I like blogging though, so I will try to post quick notes on Fridays, but I won’t be posting three of four times a week.  I’ve had to decide whether I’m a blogger or a writer, and novels are my preferred form of expression.

So I’m logging off to write, but I will keep you posted.  See you next Friday.

Forget the Romance. This is War.

John Locke writes in his book, How I Sold 1 Million eBooks in Five Months, that the fastest way to get a bad review is to have a reader review your work who is not from your target audience.

I’ve received two lukewarm reviews from a couple of kind reviewers since yesterday, one calling my novel, Vampire Road, a “slow but interesting read,” a review that can damn a novel to oblivion.  The other complemented my writing but titled her review: “A good book but just not for me.”

That’s when I first realized that I’d asked the wrong audience to review my novel.  I’d asked fans of the vampire genre to review it, and now-a-days that means fans of romance.  The big clue came from reviewer asanders, who openly wished there was more romance in the novel.  Reviewer Karen West felt there was too much fighting.  Of course there was too much fighting if you’re looking for a romance.  I apologize to both reviewers for asking them to read a novel that, despite the title, is outside the vampire genre.

Vampire Road is about war, not romance, which is why it will appeal more to the zombie fans than the vampire fans.  These aren’t sparkly vampires who are desperately in love with teenage girls.  These are murderous vampires out for blood, but unlike zombies they are still just as cognizant as they were when they were alive.  They can plan offensives, set traps and conduct war on a large scale.  They can think ahead and react to situations.  They can be afraid.

My chief concern with this novel is that people will describe it as relentless and complain that it has too much action.  Fitz, the lead character, is fighting someone or something in almost every chapter of the novel.  It takes place in an isolated fortress under siege, so all anyone there is concerned about is surviving to the next day.  Romance is just too far from their minds.

If you lived in condo tower and woke up one night to the smell of smoke, would you spend anytime making moves on the woman in 4B or would you just help her get the hell out?  If you’re a half-way decent human being, you’re only concern will be to get out with as many of your neighbors as possible, including the grumpy old lady down the hall with the yappy dog.

Fitz’s and his friends are in jeopardy for the whole novel, and while his young hormones are in full flow, he simply hasn’t the time for the delicate dance that is the human mating ritual.

Reviewer asanders also complains that when romance finally does occur, it’s almost an after thought, and she’s right.  My characters have been up and fighting for their lives for over thirty hours.  When the chance for sleep comes they seize it, and even if they’re sharing the same bed there isn’t going to be much going on besides snoring.

I thank my reviewers for giving their time and energy to Vampire Road.  I think their reviews are fair and genuine.  Better yet, they have help me define my true audience.
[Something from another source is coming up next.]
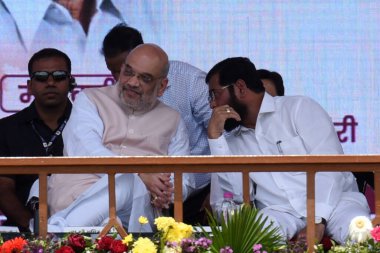 NAVI MUMBAI INDIA APRIL 15 Nisan 2023 Birlik İçişleri Bakanı Amit Shah, Maharashtra CM Eknath Shinde ile birlikte, 15 Nisan 2023 tarihinde Navi Mumbai Hindistan Şirketi Kharghar 'da Dr. Appasaheb Dharmadhikari' ye Maharashtra Bhushan hakkında bir konferans düzenledi.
Zombies and the New York Times

What do zombies and the New York Times Book Review have in common?  Until recently, I’d have said absolutely nothing.  Why would one of the most prestigious book reviews in the English speaking world start talking about zombies?

But last week my wife fired up her Kindle, went to her subscription to the NYT Book Review and was astounded to see an article titled, “Zombie Resurrection,” by Terrence Rafferty.  Apparently zombies have gotten so big that even the New York Times can’t ignore them, and vampires are just so last year.

But while Rafferty makes a few good points, his leap that the rise in the popularity of zombies is a reflection of society’s anxiety with the “planet’s dwindling resources” is off the mark.  In fact, his statement is one of the reasons zombies are popular.

I’m too young to remember the Cuban Missile Crisis, but I do remember the late seventies and early eighties, when everyone from my teachers to politicians to media pundits stated with great certainty that we were on the brink of nuclear obliteration.  I remember our school showing a particularly gruesome BBC drama called Threads, which followed a couple of families through a nuclear holocaust and the collapse of society afterward.  It ended with rape and the birth of a deformed child.  Now that was horror.  I was shaken to my core and wondered why my parents weren’t moving us out of the city.

How does a kid deal with this extremely gloomy prediction of the future?  Why I delved into post-apocalyptic fiction, of course, which was very popular back then, and it was oddly reassuring: I’d be the one emerging from the bomb shelter, fighting the mutants and surviving.  Post-apocalyptic fiction was actually less pessimistic than the TV news because it showed that there would be an “after,” and indeed invented the concept that something as final as the apocalypse was in fact not the end of humans, but a fall of civilization more like the end of the Roman Empire.  New governments would form, but it would be chaos and dark ages for a while.

Anyone watching TV news these days must be feeling about as frightened and depressed as I was as a kid in the late seventies.  The Center for Disease Control in the last few years has issued terrifying pandemic warnings about SARs, the Bird Flu and Swine Flu, apocalypses that were about to take place and didn’t, however they might just reappear next fall.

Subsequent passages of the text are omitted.